Task goal:
Every line from the one containing "NWOT Wide Leg" to the final line of the material below must be reproduced exactly; leave out all other lines.

Material shown:
+ + + + + + +

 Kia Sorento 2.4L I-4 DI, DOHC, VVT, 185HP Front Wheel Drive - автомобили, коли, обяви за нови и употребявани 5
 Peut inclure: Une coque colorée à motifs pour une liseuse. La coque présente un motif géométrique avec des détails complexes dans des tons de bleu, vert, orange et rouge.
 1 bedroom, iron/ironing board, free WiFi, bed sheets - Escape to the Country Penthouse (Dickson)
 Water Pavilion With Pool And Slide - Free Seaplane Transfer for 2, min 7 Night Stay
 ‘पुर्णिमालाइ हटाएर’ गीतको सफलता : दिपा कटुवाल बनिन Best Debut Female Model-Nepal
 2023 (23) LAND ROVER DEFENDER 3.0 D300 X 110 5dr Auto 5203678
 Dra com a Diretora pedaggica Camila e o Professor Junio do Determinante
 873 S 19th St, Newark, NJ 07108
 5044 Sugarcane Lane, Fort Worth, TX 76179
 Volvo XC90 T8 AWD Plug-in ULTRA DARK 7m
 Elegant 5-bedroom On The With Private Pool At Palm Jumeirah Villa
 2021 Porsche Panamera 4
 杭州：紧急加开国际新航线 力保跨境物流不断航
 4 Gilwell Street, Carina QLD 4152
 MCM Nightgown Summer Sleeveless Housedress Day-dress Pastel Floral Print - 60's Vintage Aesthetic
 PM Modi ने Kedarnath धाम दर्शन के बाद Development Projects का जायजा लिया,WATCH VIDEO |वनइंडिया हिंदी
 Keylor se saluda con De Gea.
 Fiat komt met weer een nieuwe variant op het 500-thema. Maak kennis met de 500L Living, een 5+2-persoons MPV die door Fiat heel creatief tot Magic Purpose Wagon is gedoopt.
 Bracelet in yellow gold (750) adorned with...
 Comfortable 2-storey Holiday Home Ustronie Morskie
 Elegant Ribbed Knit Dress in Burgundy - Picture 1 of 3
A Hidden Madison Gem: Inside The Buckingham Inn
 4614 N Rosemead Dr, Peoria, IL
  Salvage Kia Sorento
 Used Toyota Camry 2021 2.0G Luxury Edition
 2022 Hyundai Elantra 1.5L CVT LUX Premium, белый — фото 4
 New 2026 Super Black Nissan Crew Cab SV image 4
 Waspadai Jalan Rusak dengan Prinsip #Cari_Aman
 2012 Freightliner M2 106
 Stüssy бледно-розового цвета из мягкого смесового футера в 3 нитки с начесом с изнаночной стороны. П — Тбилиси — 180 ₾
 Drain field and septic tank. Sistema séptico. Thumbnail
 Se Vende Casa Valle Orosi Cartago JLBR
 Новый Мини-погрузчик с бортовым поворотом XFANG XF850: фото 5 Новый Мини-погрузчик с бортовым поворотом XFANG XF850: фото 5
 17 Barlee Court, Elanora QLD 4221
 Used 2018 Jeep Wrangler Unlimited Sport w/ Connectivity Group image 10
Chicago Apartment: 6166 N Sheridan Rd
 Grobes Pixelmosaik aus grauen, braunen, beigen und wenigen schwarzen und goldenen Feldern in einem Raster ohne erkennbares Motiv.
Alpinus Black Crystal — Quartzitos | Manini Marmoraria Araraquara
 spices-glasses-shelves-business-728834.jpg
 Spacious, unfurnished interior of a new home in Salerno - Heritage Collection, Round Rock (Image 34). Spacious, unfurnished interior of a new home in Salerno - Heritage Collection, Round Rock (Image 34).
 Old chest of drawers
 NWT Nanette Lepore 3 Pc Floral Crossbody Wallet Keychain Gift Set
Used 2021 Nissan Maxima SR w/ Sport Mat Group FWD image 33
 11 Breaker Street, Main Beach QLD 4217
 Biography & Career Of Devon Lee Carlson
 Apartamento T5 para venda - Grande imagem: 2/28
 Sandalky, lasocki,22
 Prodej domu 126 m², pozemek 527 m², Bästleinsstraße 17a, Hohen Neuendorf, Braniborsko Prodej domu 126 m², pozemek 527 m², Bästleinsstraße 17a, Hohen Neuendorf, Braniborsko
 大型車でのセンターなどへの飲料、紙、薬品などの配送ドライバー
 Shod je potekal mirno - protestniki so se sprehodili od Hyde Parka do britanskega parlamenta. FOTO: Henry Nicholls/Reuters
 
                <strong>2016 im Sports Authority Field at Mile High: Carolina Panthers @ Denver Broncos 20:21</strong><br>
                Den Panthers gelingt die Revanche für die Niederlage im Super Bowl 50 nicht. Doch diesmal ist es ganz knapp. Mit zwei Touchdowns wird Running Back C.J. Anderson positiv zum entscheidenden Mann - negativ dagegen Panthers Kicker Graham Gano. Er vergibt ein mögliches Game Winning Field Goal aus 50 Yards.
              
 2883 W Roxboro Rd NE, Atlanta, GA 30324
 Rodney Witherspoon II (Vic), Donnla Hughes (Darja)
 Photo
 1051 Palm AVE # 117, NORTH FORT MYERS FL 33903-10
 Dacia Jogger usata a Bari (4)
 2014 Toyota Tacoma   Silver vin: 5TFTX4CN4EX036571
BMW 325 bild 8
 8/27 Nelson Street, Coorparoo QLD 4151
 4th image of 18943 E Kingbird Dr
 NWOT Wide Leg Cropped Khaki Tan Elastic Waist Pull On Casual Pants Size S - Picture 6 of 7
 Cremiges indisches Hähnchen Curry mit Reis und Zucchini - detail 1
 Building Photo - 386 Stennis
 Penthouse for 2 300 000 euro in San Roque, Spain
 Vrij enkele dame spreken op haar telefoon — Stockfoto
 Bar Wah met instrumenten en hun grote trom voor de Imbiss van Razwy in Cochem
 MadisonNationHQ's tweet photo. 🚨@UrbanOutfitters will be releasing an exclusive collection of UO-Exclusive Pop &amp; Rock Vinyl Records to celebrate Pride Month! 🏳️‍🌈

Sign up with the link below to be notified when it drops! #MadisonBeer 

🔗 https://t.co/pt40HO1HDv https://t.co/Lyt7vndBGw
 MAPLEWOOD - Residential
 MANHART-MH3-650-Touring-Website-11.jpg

+ + + + + + +

Result of the exercise:
 NWOT Wide Leg Cropped Khaki Tan Elastic Waist Pull On Casual Pants Size S - Picture 6 of 7
 Cremiges indisches Hähnchen Curry mit Reis und Zucchini - detail 1
 Building Photo - 386 Stennis
 Penthouse for 2 300 000 euro in San Roque, Spain
 Vrij enkele dame spreken op haar telefoon — Stockfoto
 Bar Wah met instrumenten en hun grote trom voor de Imbiss van Razwy in Cochem
 MadisonNationHQ's tweet photo. 🚨@UrbanOutfitters will be releasing an exclusive collection of UO-Exclusive Pop &amp; Rock Vinyl Records to celebrate Pride Month! 🏳️‍🌈

Sign up with the link below to be notified when it drops! #MadisonBeer 

🔗 https://t.co/pt40HO1HDv https://t.co/Lyt7vndBGw
 MAPLEWOOD - Residential
 MANHART-MH3-650-Touring-Website-11.jpg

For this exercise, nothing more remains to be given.